Upon the trial the defendant offered evidence as to the condition of the walk some days after the accident. This the court refused to admit. Appellant urges that this evidence should have been admitted as it tended to show the condition of the walk at the time of the accident. The Supreme Court of this state in Howe v. Medaris, 183 Ill. 288, say (p. 295):

“ It is contended the trial court erred also in the admission of testimony to the effect that the machine ivas changed or repaired after the accident. The purpose of this evidence was doubtless to show an implied admission of negligence on the part of the defendants. The rule in such cases is that the question of negligence should be determined only by what occurred before and at the time of the accident ancl evidence of repair made after the accident is not admissible.” See also, Alabaster Company v. Lonergan, 90 Ill. App. 353-357.

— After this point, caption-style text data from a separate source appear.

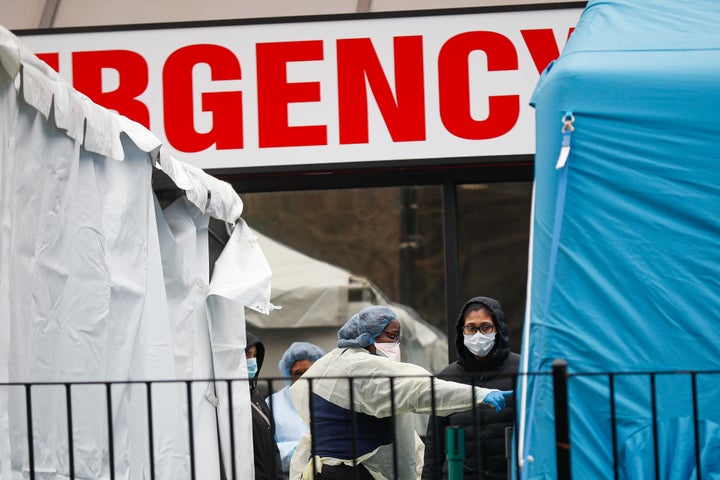 A medical worker directs a patient to enter a COVID-19 testing site at Elmhurst Hospital Center.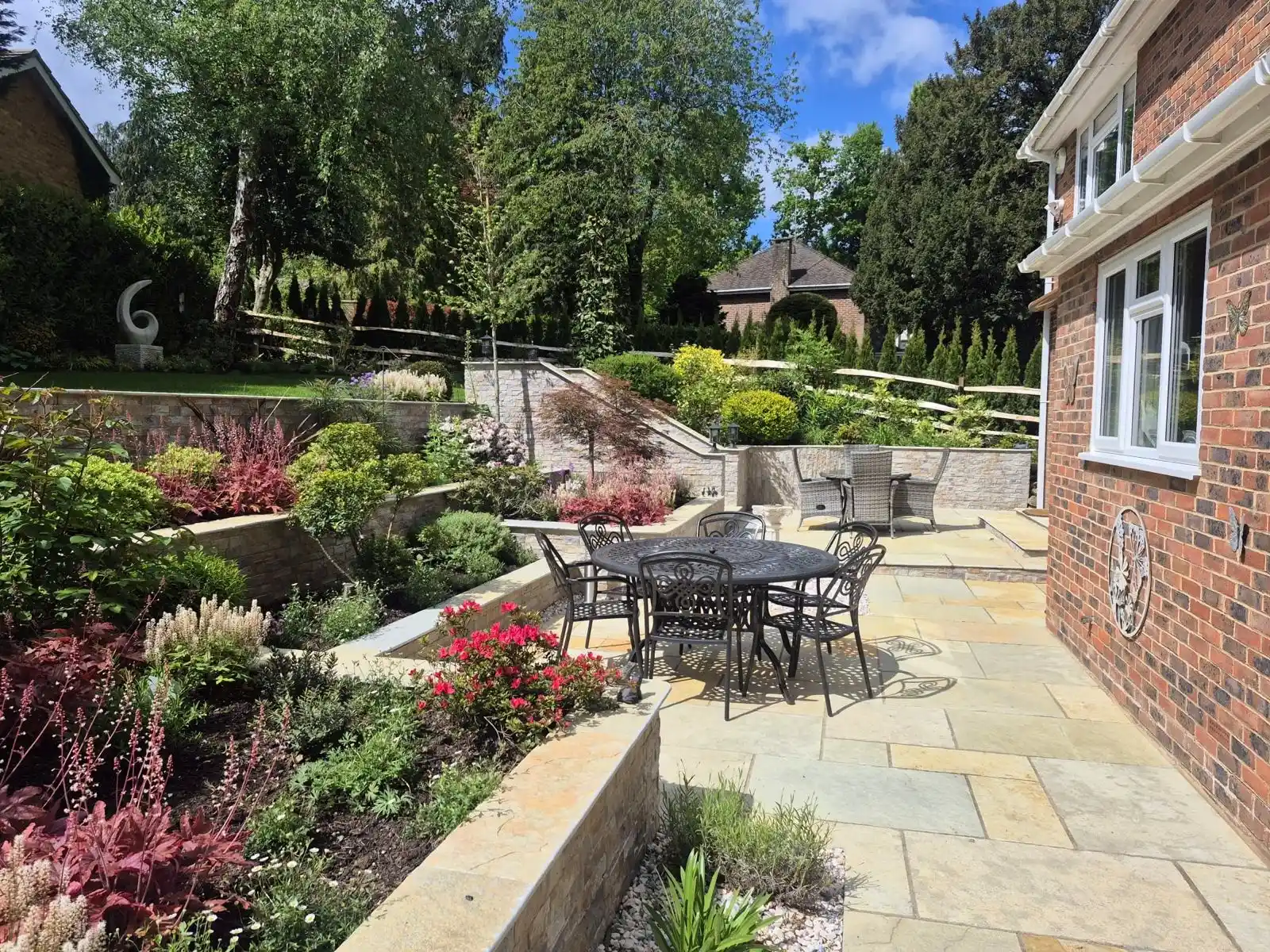 Landscaped patio with natural stone paving in Kent by Cyril Ernest Landscapes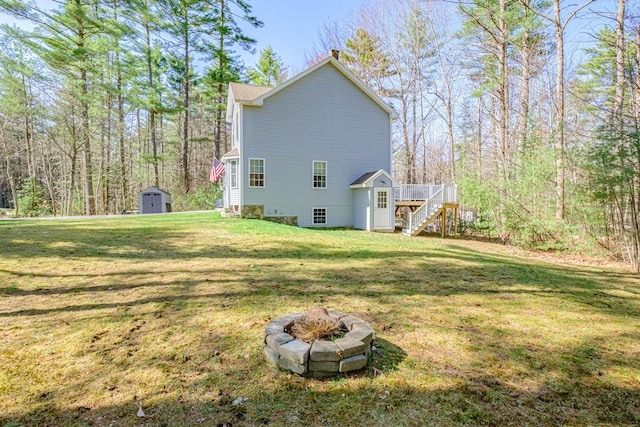 11 Sunny Brook Cir, Waterboro, ME 04061 - rear view of property featuring a chimney, an outbuilding, stairway, a shed, and a fire pit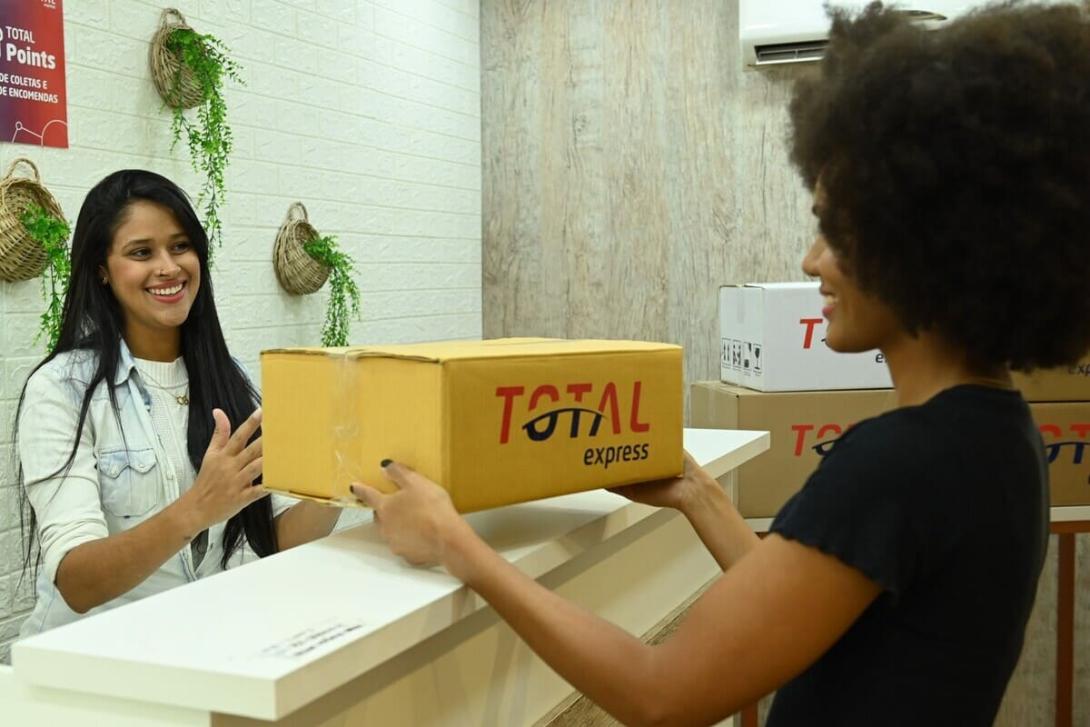 PUDO: Uma atendente entregando a encomenda para uma cliente.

The reason why evidence as to the condition of the sidewalk some time after the accident should not have been received is apparent. It is a rule of evidence that conditions shown to exist at a certain time are presumed to continue. There is no rule of evidence that conditions shown to exist at a certain time are presumed to have been the same at a previous time. The presumption of law existing as to the continuance of conditions is founded upon natural inferences. A, being shown to have been married on the first of January, is presumed to have been a married man on the fifth, but there is no presumption that A, being shown to have been a married man on the fifth of January was such on the first.

If the condition of a sidewalk, a few days after an accident, may be shown as tending to show in what condition it was at the time of the accident, it is apparent that a door is open for the perpetration of fraud. The sidewalk may be in the night time secretly repaired. Its condition, when in repair, being shown, the burden is thrown upon a party injured, because of its prior defective state, to show that repairs thereon were made after the accident. This it may be impossible for him to do. Persons injured by reason of defective sidewalks not infrequently live many miles away from the place where they were hurt, and have neither friends nor acquaintances in the neighborhood where they receive injury. Their condition frequently precludes the giving, for some time, attention or thought to that which may be done in respect to the place of the accident. The offered evidence was properly excluded. Appellant insists there was no direct evidence that the plaintiff was at the time of the accident exercising ordinary care, and that an instruction should not have been given at the instance of the plaintiff, presenting, among other things, for the consideration of the jury, the question whether the plaintiff was at the time of the accident in the exercise of ordinary care. As to whether an injured person was at the time of an accident in. the exercise of ordinary care is usually a matter of inference from the circumstances proven. Direct testimony as to such care was not' required. Chicago and Atlantic Railway Company v. Carey, 115 Ill. 115. We do not regard the fourth instruction given for the plaintiff as either erroneous or calculated to mislead the jury.

It is not the case, as is urged by appellant, that an instruction to a jury to find in a particular way if certain facts are found, is erroneous when there is a conflict of evidence as to any material part of the hypothesized facts, while such instruction would be erroneous if there were no evidence in support of any material part of the facts alluded to in the hypothesis submitted to the jury. Such is the holding in Indiana & St. L. R. R. Co. v. Miller, 71 Ill. 463, and Alexander v. Town of Mt. Sterling, 71 Ill. 366. The evidence tended to show that the defective condition of the sidewalk was unknown to appellee; that she was proceeding in the ordinary and usual manner of persons descending a flight of steps leading from a dwelling house to a sidewalk, and that without negligence upon her part she was, by the condition of the walk, seriously and permanently injured, her leg being broken in such manner that it had not, up to the time of the trial, completely healed; and that she will be lame during her entire life.

We can not say that under the evidence the jury were not warranted in giving to her as damages the sum of $5,000.

The judgment of the Circuit Court is affirmed.